The UN Compensation Commission had determined a total compensation of $14.7 billion for the Kuwait Petroleum Company
Overall, the commission has awarded $52.4 billion to 1.5 million successful claims
The UN Compensation Commission said in a statement on Tuesday, July 27, that it had paid out $600 million to the national oil company of Kuwait as compensation.
The commission explained that the payment was part of the compensation the country had claimed for losses to its business and production that it incurred when neighbouring Iraq invaded the country in 1990-91.

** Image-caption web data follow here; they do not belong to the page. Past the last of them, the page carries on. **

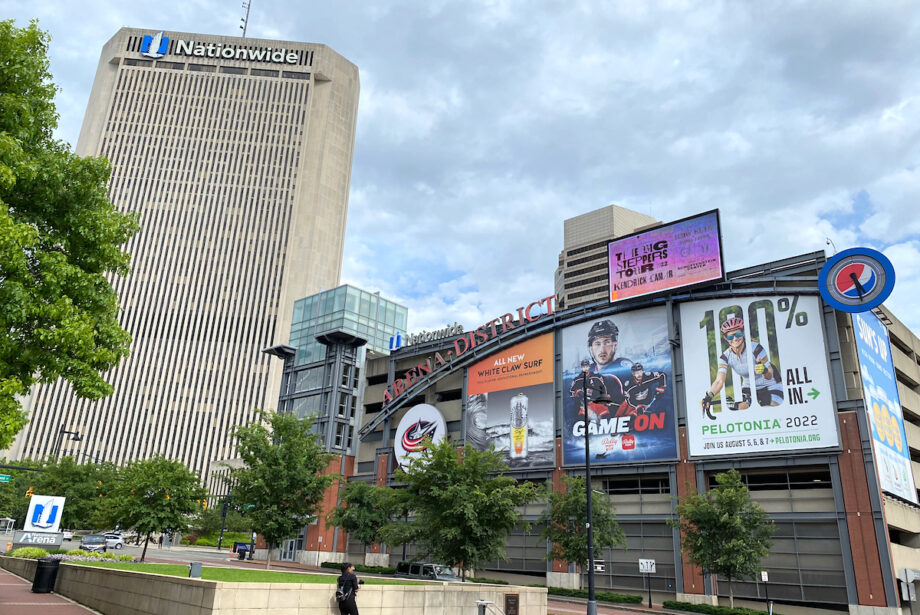 The Arena District in downtown Columbus, Ohio.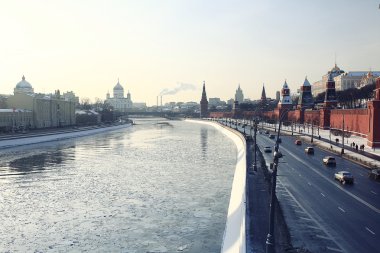 Moskova kremlin panorama
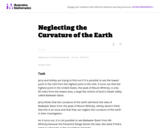 Neglecting the Curvature of the Earth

In fact, it was established in 1991 to do exactly this: process claims and pay compensation for losses and damages incurred by individuals, corporations, governments and international organizations as a direct result of Iraq’s invasion and occupation of Kuwait on August 2, 1990, to March 2, 1991.

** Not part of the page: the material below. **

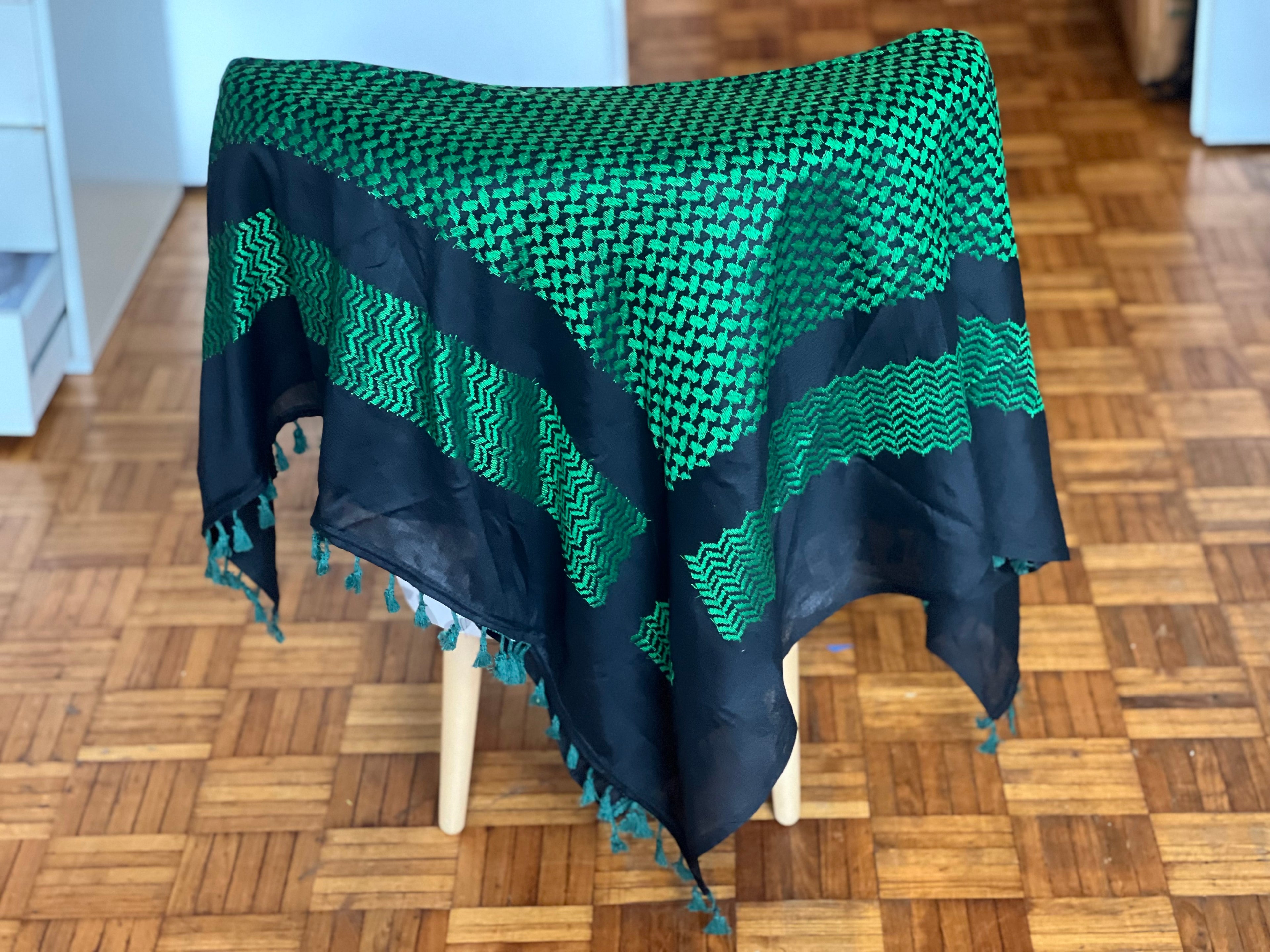 Kiffieh authentique noir / couleur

The commission said in its statement that it had received approximately 2.7 million claims overall, and concluded its review of all claims in 2005.
Following a 1991 UN Security Council resolution, Iraq has over the years set aside a portion of its revenue from oil exports for the commission’s compensation fund that has been used to settle successful claims.
The commission said: “Approximately $52.4 billion was awarded to over 100 governments and international organizations for distribution to the successful 1.5 million claims in all claim categories.”
Tuesday’s payment is the result of a claim submitted by Kuwait on behalf of the Kuwait Petroleum Corporation.
The commission had approved the claim in 2000 and determined a total compensation of $14.7 billion to the oil firm.
At this point, Kuwait Petroleum Company is the only claimant remaining, with an outstanding amount of approximately $1.1 billion to be paid to it after Tuesday’s tranche.